On the other hand, there's no need for a total of 1,835,692 fans to come out to the ballpark under these conditions:

A tie, so far, for the American League's worst record against one division in the 19 years of divisional play -- the Orioles are 15-56 against the AL East and 8-50 against the five teams ahead of them in the standings.

A pitching staff that, with every hit allowed the rest of the season, will set the club's single-season record (the current total is 1,492) and is within two home runs allowed of the major league record in that department (220).

Its worst home record (31-51).

Baltimore started its home season with a win and ended it with one.

"Yeah, but we didn't win enough damn games in between," Manager Cal Ripken Sr. snarled.

"To play the way we did and still draw 1.8 million says a lot for our support," Sheets said. "I wonder what the attendance would have been had we been in a pennant race."

The atmosphere would almost certainly have been like today's, with a festive, sun-drenched crowd cheering as the home team rallied from a 5-3, seventh-inning deficit.

Sheets started the seventh by grounding to first. Lee Lacy and Mike Young singled on consecutive pitches and starter Tommy John, who had retired eight of the previous nine hitters, was gone.

After fouling off three two-strike pitches from reliever Pat Clements (3-3), Nichols singled, tying the score at 5-5 and sending Young to third. Pete Stanicek singled to center off Bobby Meacham's glove for another run, Nichols steaming on to third with a head-first slide. Gonzales' double to right scored Nichols and finished Clements.

Neil Allen relieved and, after Cal Ripken Jr.'s line drive, Murray was intentionally walked to load the bases. Ray Knight then completed Baltimore's biggest rally since Aug. 7 with a two-run single that made it 8-5.

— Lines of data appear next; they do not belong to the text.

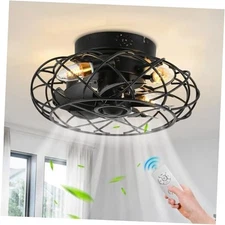  Caged Ceiling Fan with Lights and Remote Control, Flush Mount Bladeless Black1
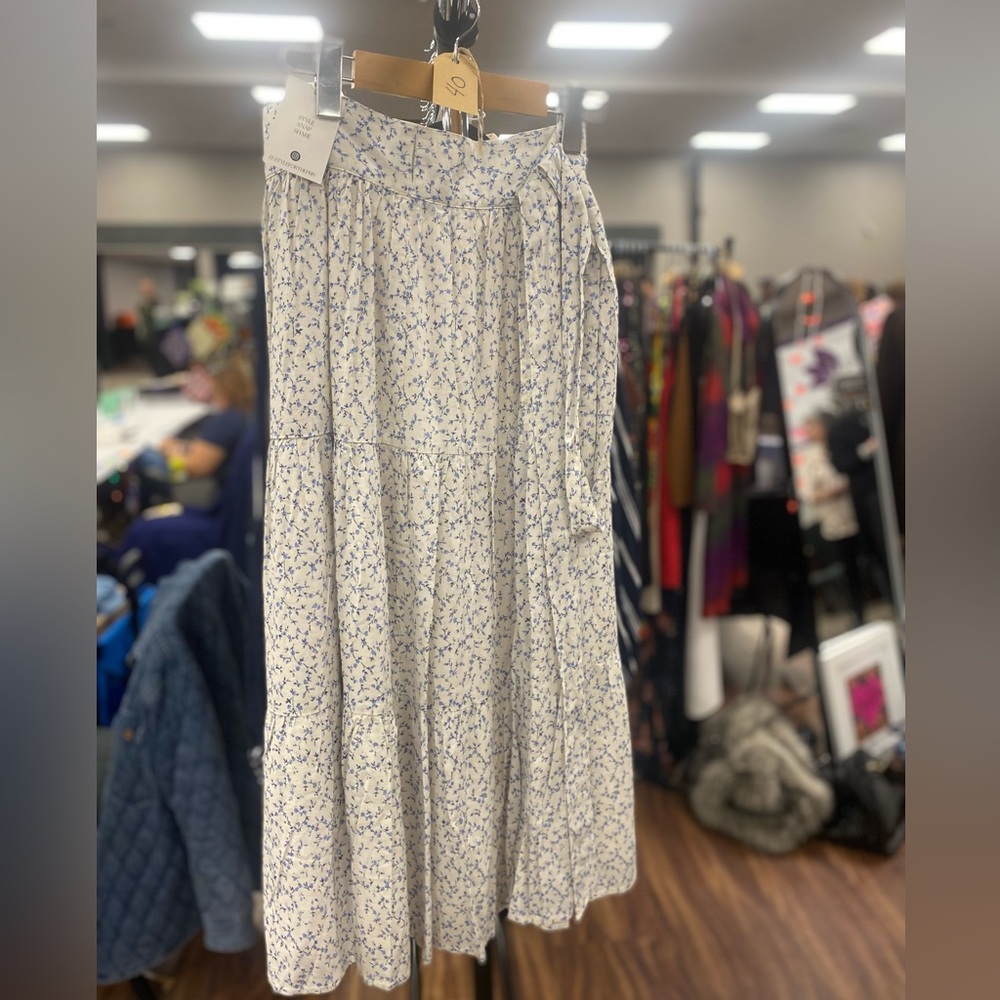 Cream Maxi Skirt with Blue Floral Pattern and Tie Waist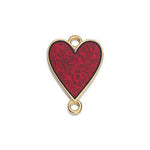 Heart floral with 2 rings - Size 18.9x13.4mm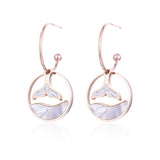 Cubic Zirconia & Rose Gold-Plated Whale Tail Drop Earrings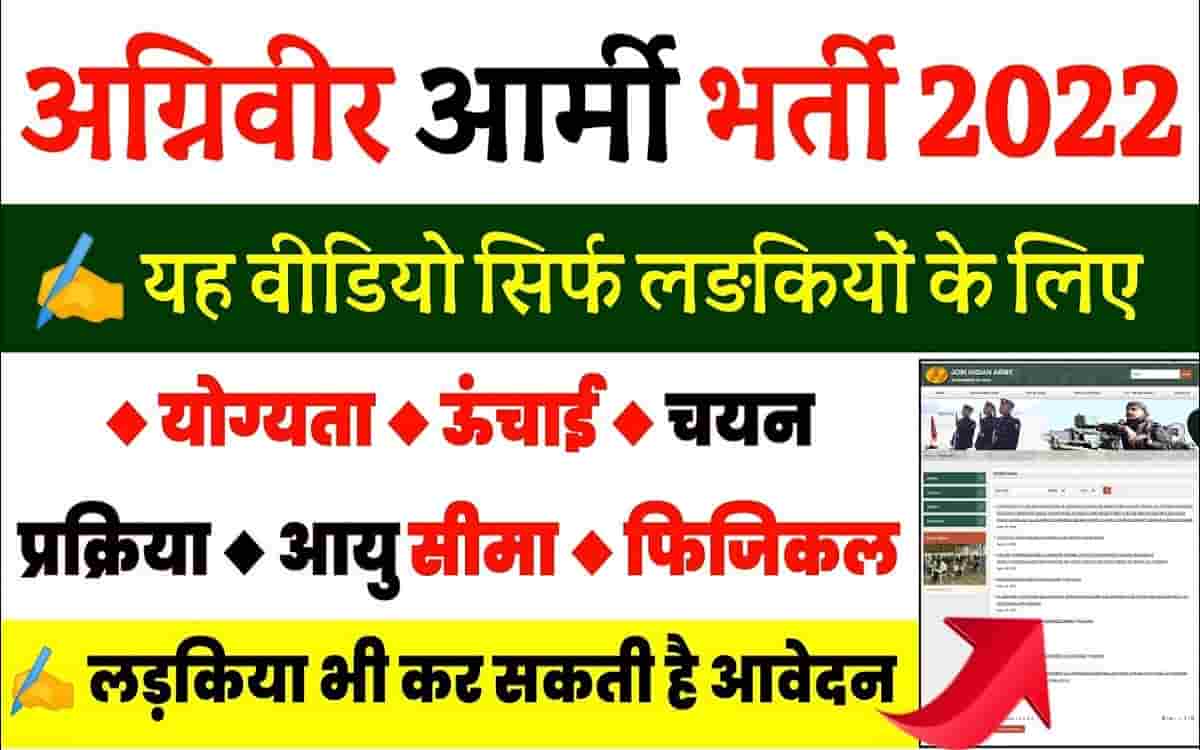 Agniveer Army Female Recruitment 2022: Apply Online For 25000+ Vacancies Full Process 1 Agniveer Army Female Recruitment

"We've been going about things the right way most of the time this year, but there have been times when we just haven't gotten the hits we've needed," Ripken Sr. said. "It was good to see them be able to make a comeback in a ball game, particularly the last ball game at home."

Orioles Notes:

Owner Edward Bennett Williams announced there will be no increase in ticket prices for next season.